American football player

Jack Velling is an American professional football tight end for Atlanta Falcons of the National Football League (NFL). He played college football for the Michigan State Spartans and the Oregon State Beavers, and was signed by the Atlanta Falcons as an undrafted free agent in 2026.

==Early life==
Velling attended Seattle Prep School in Seattle, Washington. As a senior, he brought in 57 catches for 838 yards and four touchdowns. Velling committed to play college football at Oregon State over other schools such as Arizona, Fresno State, Michigan, Minnesota, and Utah.

==College career==
===Oregon State===
Velling made his collegiate debut in week 3 against Montana State, where he caught one pass for seven yards. In week 7 against Washington State, he hauled in four receptions for 63 yards.
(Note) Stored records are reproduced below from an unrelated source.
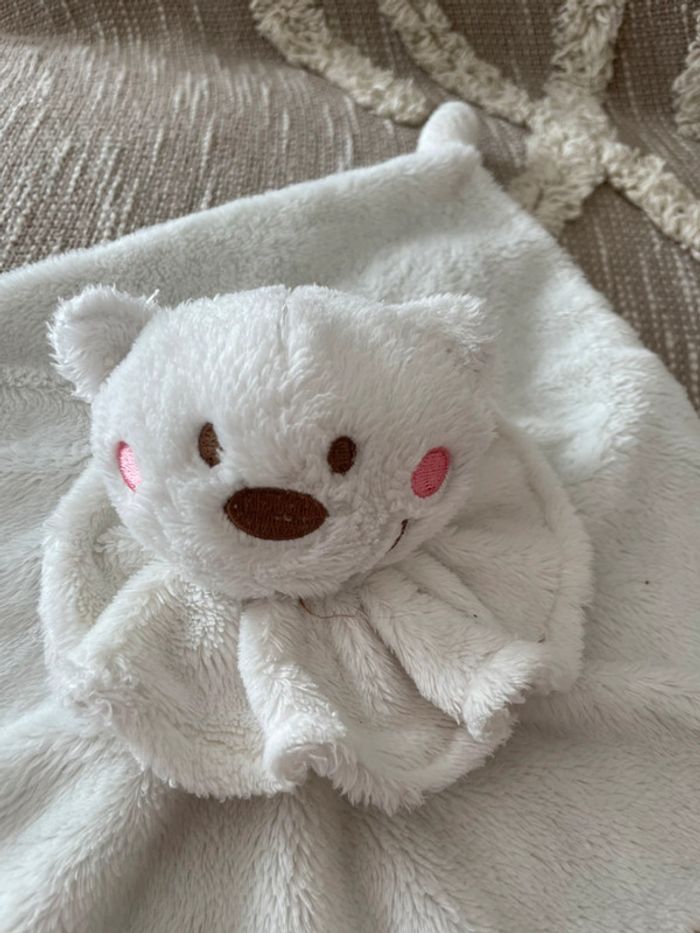 Peluche doudou plat 25cm Orchestra chat ours blanc et bleu à col très bon état - photo numéro 2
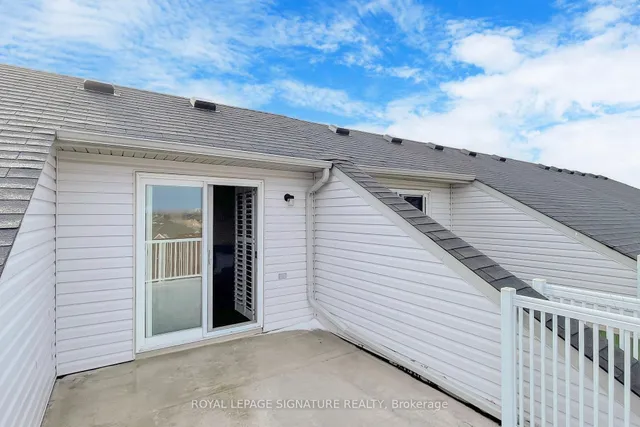 Additional image 26 of 649D Warden Ave Unit 24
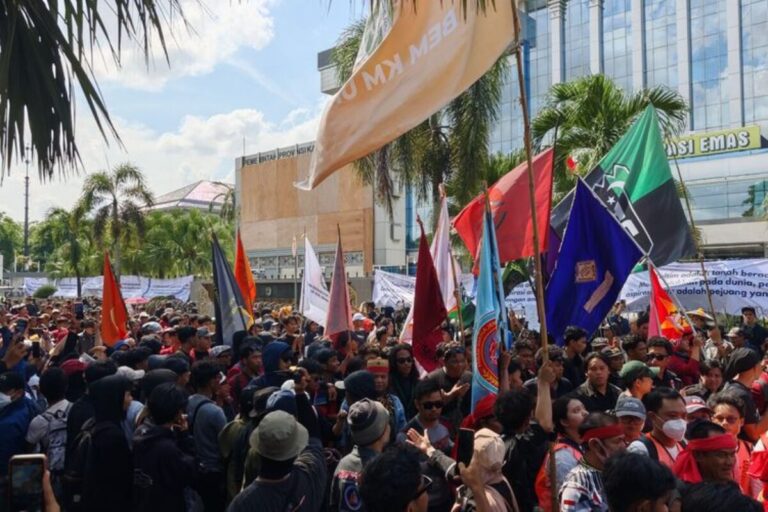 Demo 21 April Berlanjut, Usai Aksi di Kantor DPRD Kaltim Massa Geser ke Kantor Gubernur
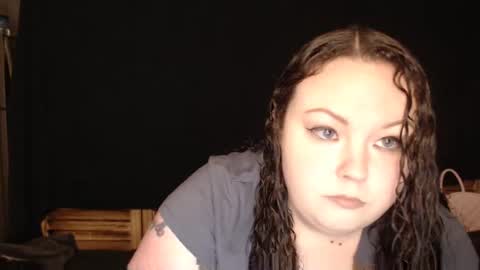 Emily Bankz online show from February 28, 5:59 am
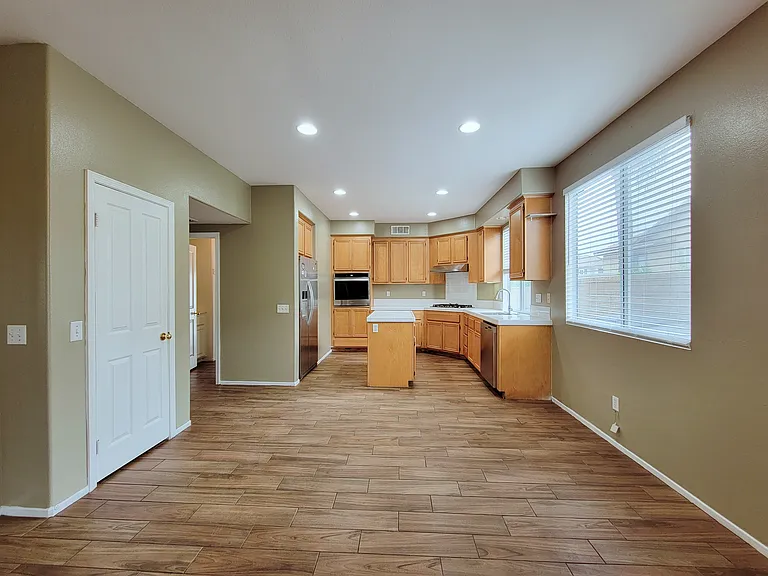 16241 El Dorado Ct — Photo 10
In week 8, Velling hauled in his first career touchdown on a 60-yard catch against Colorado. In a week 11 matchup against California, he recorded two receptions for 15 yards and a touchdown, as he helped the Beavers win 38–10. A week later, Velling caught three passes for 74 yards and a touchdown in a 31–7 win over Arizona State. In Oregon State's bowl game, he made two receptions for 21 yards in a 30–3 loss to Florida. Velling finished the year with 16 receptions for 281 yards and three touchdowns, earning Freshman All-American honorable mention accolades from College Football News.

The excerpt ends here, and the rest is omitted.